I have been trying to understand from the ANNOVAR documentation and other sites the steps needed to make these files from NCBI available to ANNOVAR. I admit to being new to bioinformatics, but have been a software developer for 30+ years. My goal is to annotate by hg38 based VCF file but do not even have a lead as to what to do with the downloaded files. From what I can tell, convert2annovar doesn't support these.
I downloaded because all of the files on the ANNOVAR download site are almost a year old and I am trying to help determine the gene(s) for a genetic condition for which the genes are not yet known - so the latest and greatest information seemed appropriate.
- GCF_000001405.40_GRCh38.p14_genomic.fna
- genomic.gff
- protein.faa
- genomic.gtf
- rna.fna
- cds_from_genomic.fna
Thanks for any help. References to other resources would be most welcome. I am happy to learn, but have come up empty using web searches.
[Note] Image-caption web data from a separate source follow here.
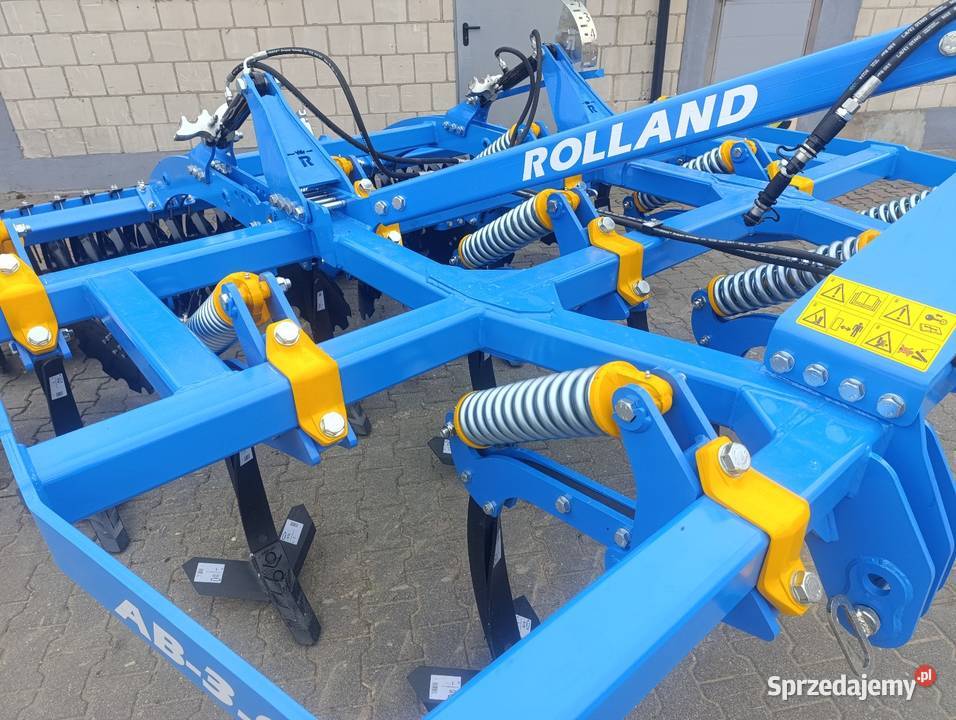 Rolland Grander AB ABL 22m 25m 3m 35m 4m 42m 48m łódzkie Piotrków Trybunalski sprzedam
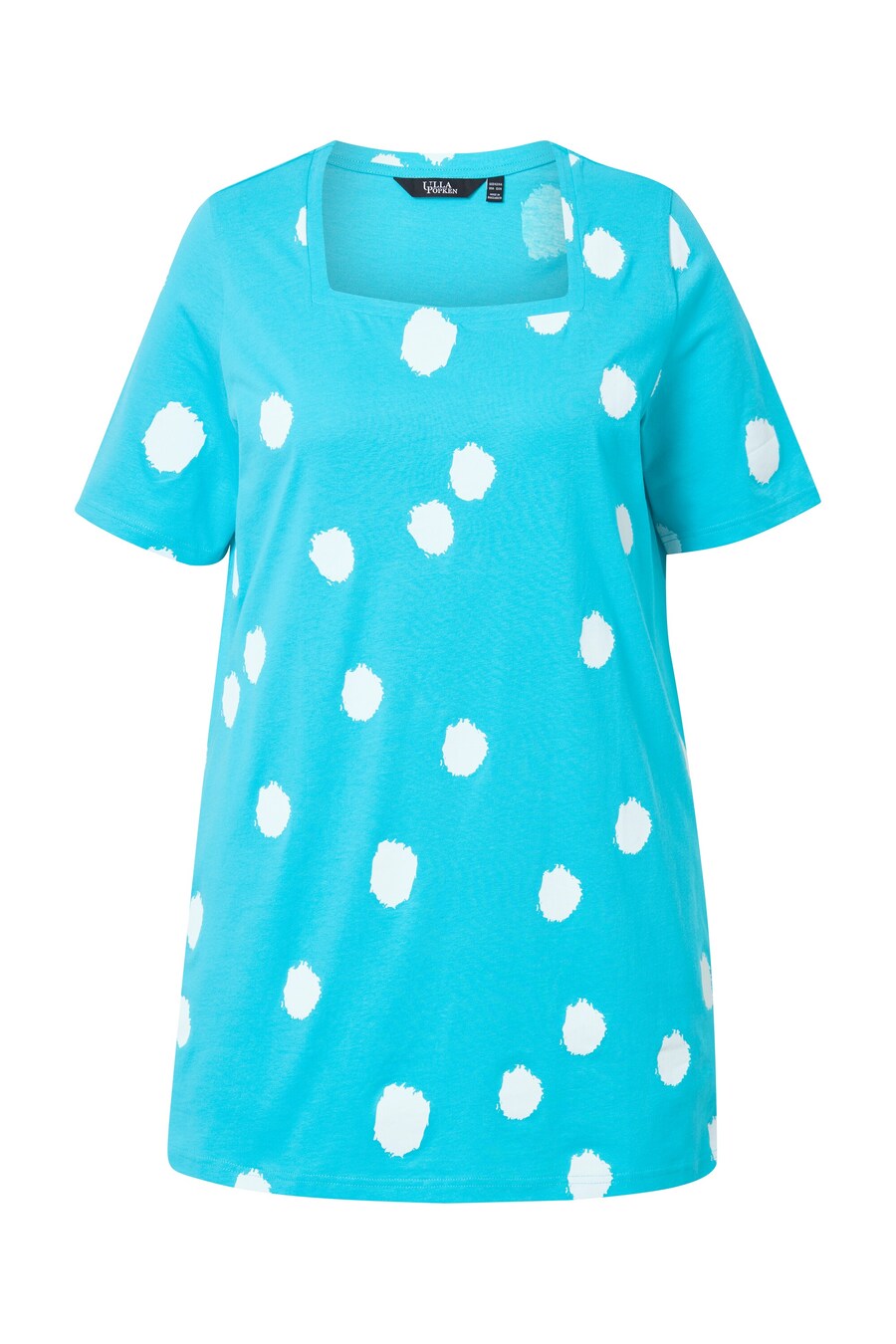 Рубашка Ulla Popken, Royal Blue
Рубашка Ulla Popken, Royal Blue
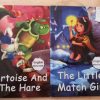 2 Children English Story Books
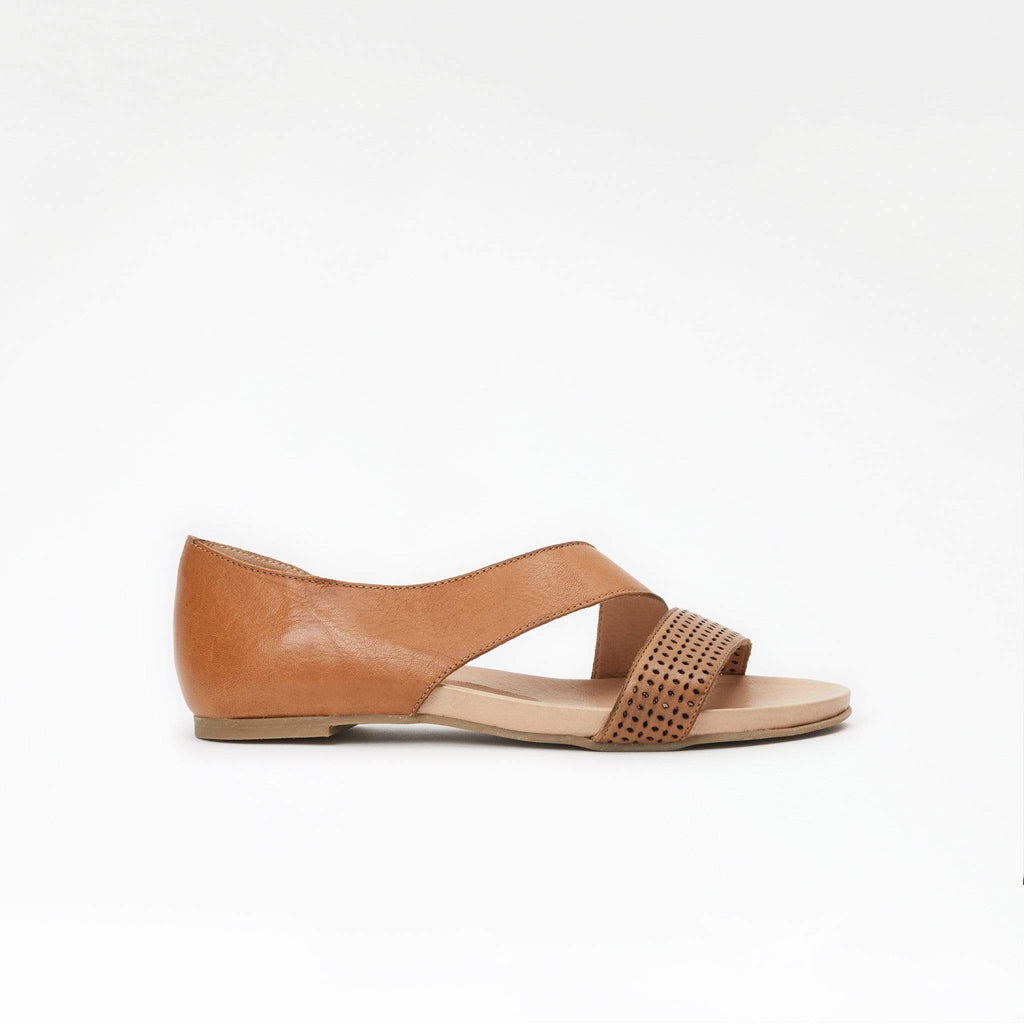 LOMBARDO FLAT SANDALS LARS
The documentation is clear on this:
convert2annovar.plis used to convert input (genotype) files to ANNOVAR format. It is not used on dictionary files or annotation sourcesDo you absolutely need to use ANNOVAR? For best results, I recommend using VEP.
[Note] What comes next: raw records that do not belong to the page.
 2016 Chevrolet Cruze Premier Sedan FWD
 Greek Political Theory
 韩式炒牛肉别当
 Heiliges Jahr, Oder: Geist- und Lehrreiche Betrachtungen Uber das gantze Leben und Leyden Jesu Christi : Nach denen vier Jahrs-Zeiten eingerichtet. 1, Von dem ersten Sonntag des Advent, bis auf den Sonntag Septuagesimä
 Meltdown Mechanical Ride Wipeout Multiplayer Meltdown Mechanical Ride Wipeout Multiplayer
Ok I guess I got confused because there is support for, for example gff3-solid, but not directly gff files. I will have a look at VEP, but the issue may simply be that I am not familiar enough with the files, purposes and formats. Thank you
You may also find tools such as vcfanno and bcftools easier to work with, if you don't want to spend too much time reformatting dictionary files.